My emotional eating was always delayed - something would happen early in the day, say, and I'd find myself having a whole milk latte and a danish at 4:00 in the afternoon. (Then maybe a big cookie or something else equally bad, because I wasn't full yet. Other than one trip to Dunkin Donuts the day after I quit my job and it became apparent I was going to be engaged in an ugly and drawn out lawsuit, I've pretty much stopped emotional eating.
When I get the urge now, I remind myself that I've broken up with that food (whatever food it is my brain fixates on) and I don't need to think about it any longer. Sort of like reminding myself that I can't call an exboyfriend shortly after a breakup, to make me feel better about something bad in my life. I've noticed two things - the first is the cravings have dropped significantly. This may be one of the most turbulent months in my life - big highs, deep lows - and I am coping without turning to food. The second is that in the old days, I couldn't talk myself out of cravings - it tended to escalate not deflate them, now, if the simple "breakup" reminder doesn't work, I imagine myself on tv, with a live audiance who knows me and my struggles, chanting "No Amy No" as in, no - don't ruin your success for something that will do nothing for you. And that works like a charm. Because I still want to be able to enjoy a dessert now and then, I don't want to throw away the calories & fat grams on some crappy piece of food I am not going to enjoy.
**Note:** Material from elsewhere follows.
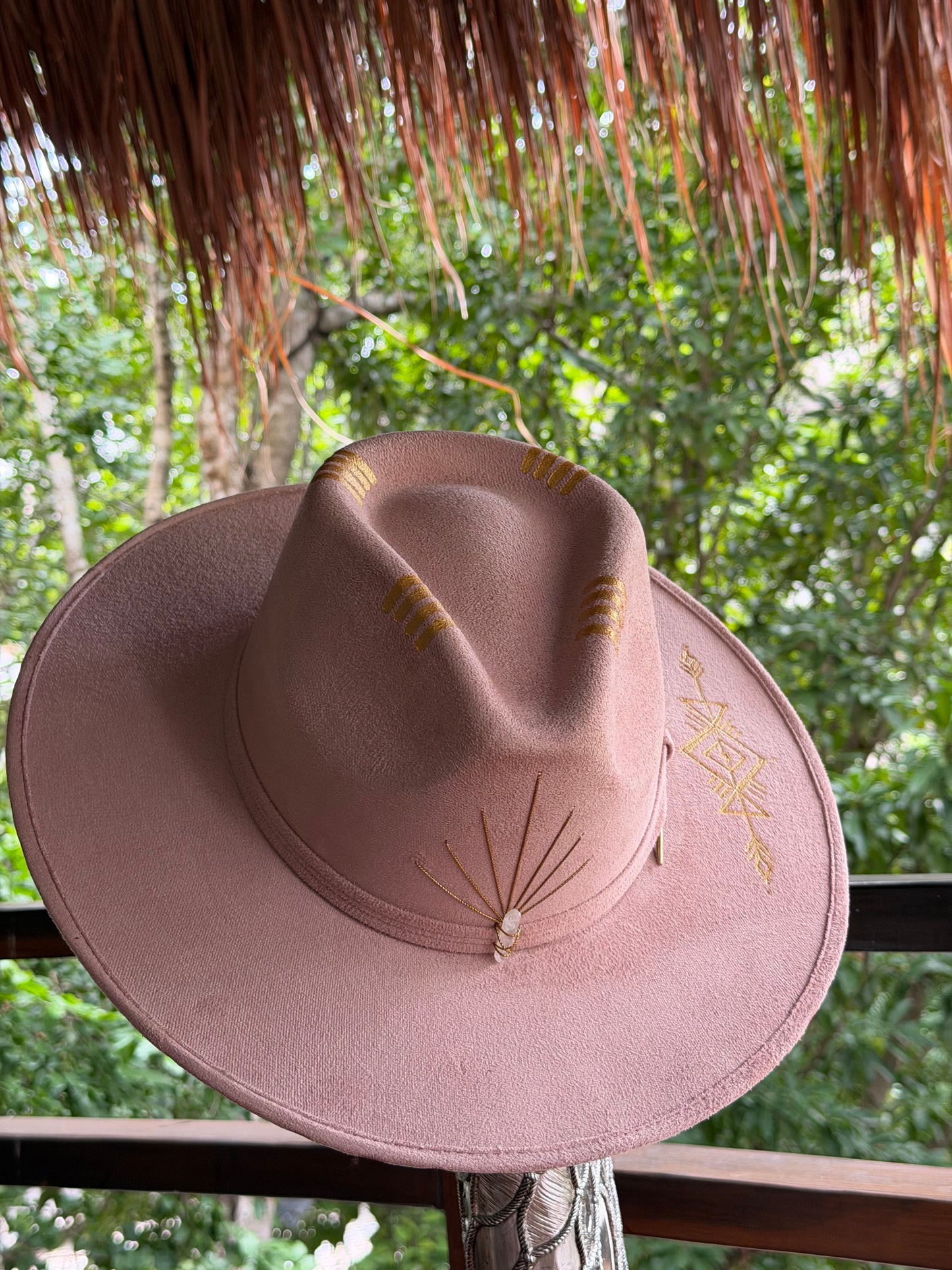 ≫∙∙ Pink Aura ∙∙≪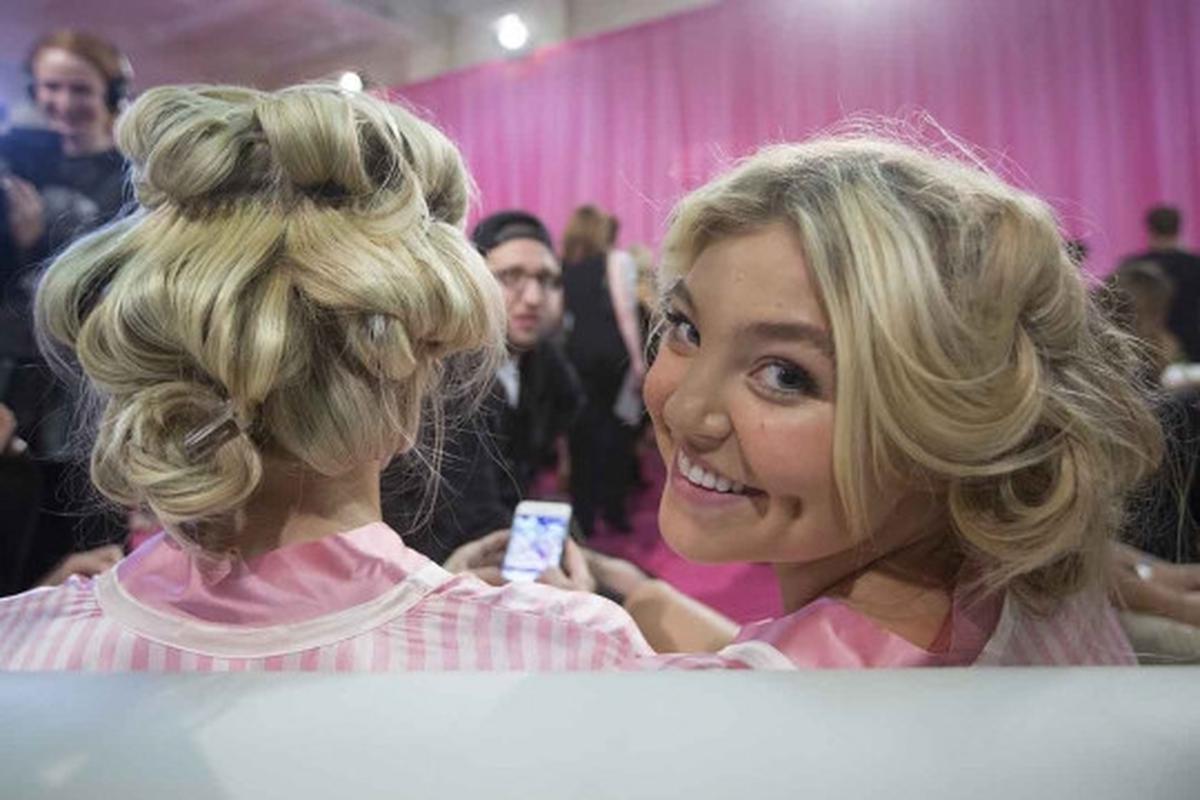 Intip kesibukan model-model seksi Victoria's Secret di ruang ganti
Don't know if that helps you at all, but it is working wonders in my own head.
~~I don't want to throw away the calories & fat grams on some crappy piece of food I am not going to enjoy.~~
This is what I do on normal days...I look at the fat grams and calories to decide if its worth it to me. But lately I have been feeling a bit discouraged by the lack of weight loss/change. This makes it hard to stick to it really. In addition to that (just to give you some background) the main reason I started(isn't the only reason I have stuck with it) this diet/exercise deal was to be more attractive for my DH. I have been going to the tanning bed, wearing make up (not like me at all), wearing more attractive clothes, loosing weight...etc....and no more interest than before...VERY VERY hard to stick to it now...for awhile when I was seeing a big difference I didn't give a crap what he thought, but now that I have hit a bit of a plateau and he isn't more interested at the same time...very discouraging.